"I'm not looking here to defend our program or where we are right now. What we came here to do was to win a conference championship and a national championship and are going to fight tooth in nail to keep trying to get that done,” said Pelini. “I’m not going to sit here and apologize. The time I start apologizing is the time I will stop working. I believe the program is on a good track, the right track.”
No. 21 Nebraska (8-2, 4-2) was run on all over by Melvin Gordon and the No. 14 Wisconsin Badgers on Saturday, losing 59-24. Gordon set a NCAA single-game record with 408 rushing yards. The game immediately drew parallels to the Huskers’ 70-31 loss to the Badgers in the Big Ten Championship game in 2012.
“You stay the course. You have to keep working,” said Pelini. “Every season, every game is different. What happened three years had nothing to do with what happened on Saturday. Different kids, different time, different place, and different teams.”
Saturday’s contest was the seventh time Nebraska has lost by 20+ points since joining the Big Ten in 2011. Pelini was asked how he felt national perception regarding the program was after numerous blowout losses on national television over the years.
“Better than it is locally,” said Pelini. “A game like this or losing a football game isn’t exclusive to Nebraska.
“We have won a lot football games since I have been here…A lot of programs would die for the amount of football games we have won.”
Since taking over in 2008, Pelini has won at least nine games a year – only Alabama's Nick Saban can rival the Huskers consistency in those six seasons.
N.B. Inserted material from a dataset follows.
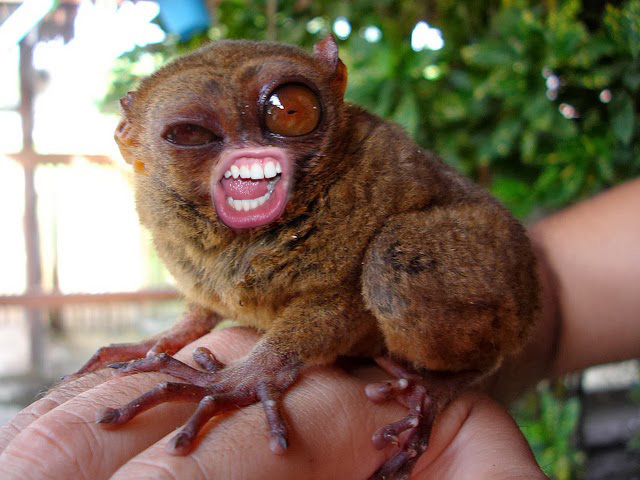 Tarsier with silly Daniele Hopkins mouth
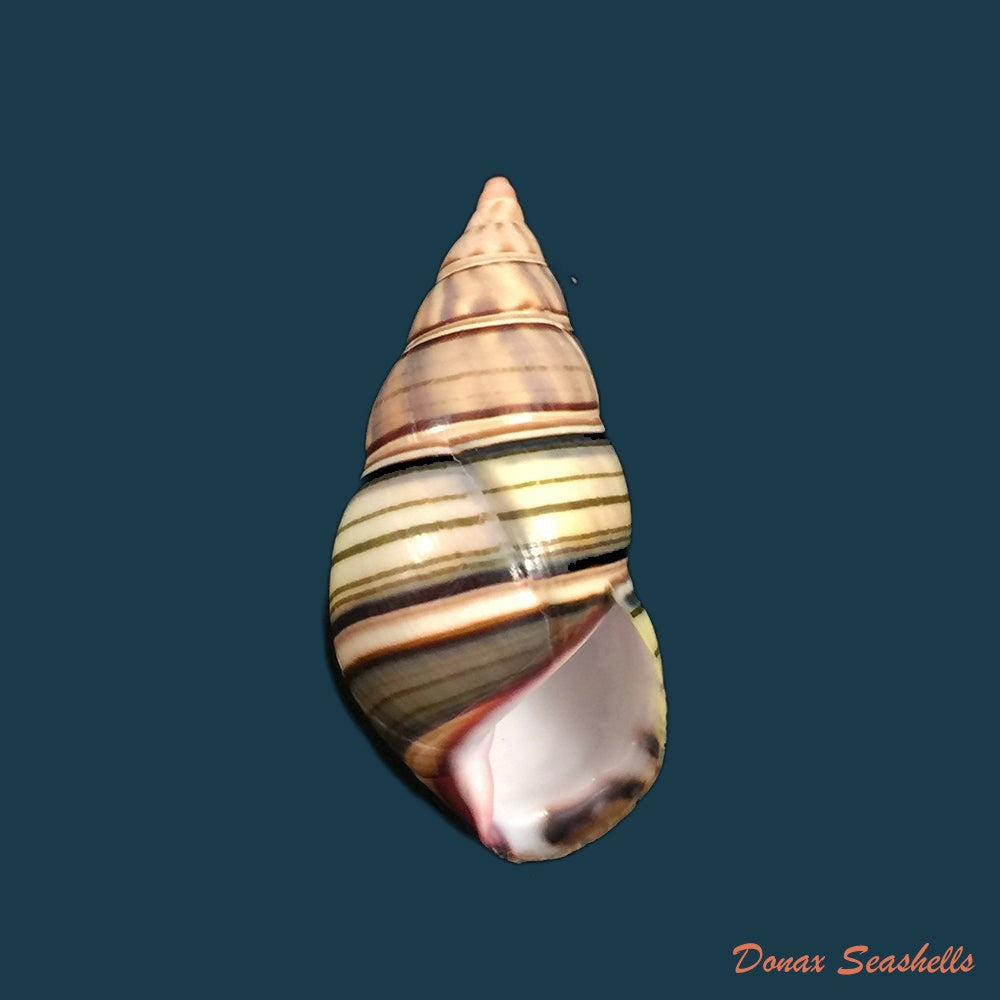 liguus-fasciatus-goodrichi-clench-1934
Pelini’s 65-26 record is good for a .714 winning percentage. But, as the Omaha World Herald’s Tom Shatel writes, “Pelini’s era is defined by victories you don’t remember and losses that you do.” The head coach is just 9-16 against ranked opponents and 2-9 against opponents ranked in the top ten.
“We have been very consistent,” said Pelini when asked his biggest accomplishments at Nebraska.
Since 1970, no college football program has more wins than the University of Nebraska. With five national championships in that time frame, expectations and pressure are always high in Lincoln. Could that be the cause for these snowball type meltdowns?
“I sometimes feel like our guys are putting so much pressure on themselves to win, they are not going to play to win, but instead not to lose. That’s a bad a recipe,” said Pelini. “These kids want to win in a the worst way and want to have success…the worst thing you could says is they didn’t care, that’s not the case.”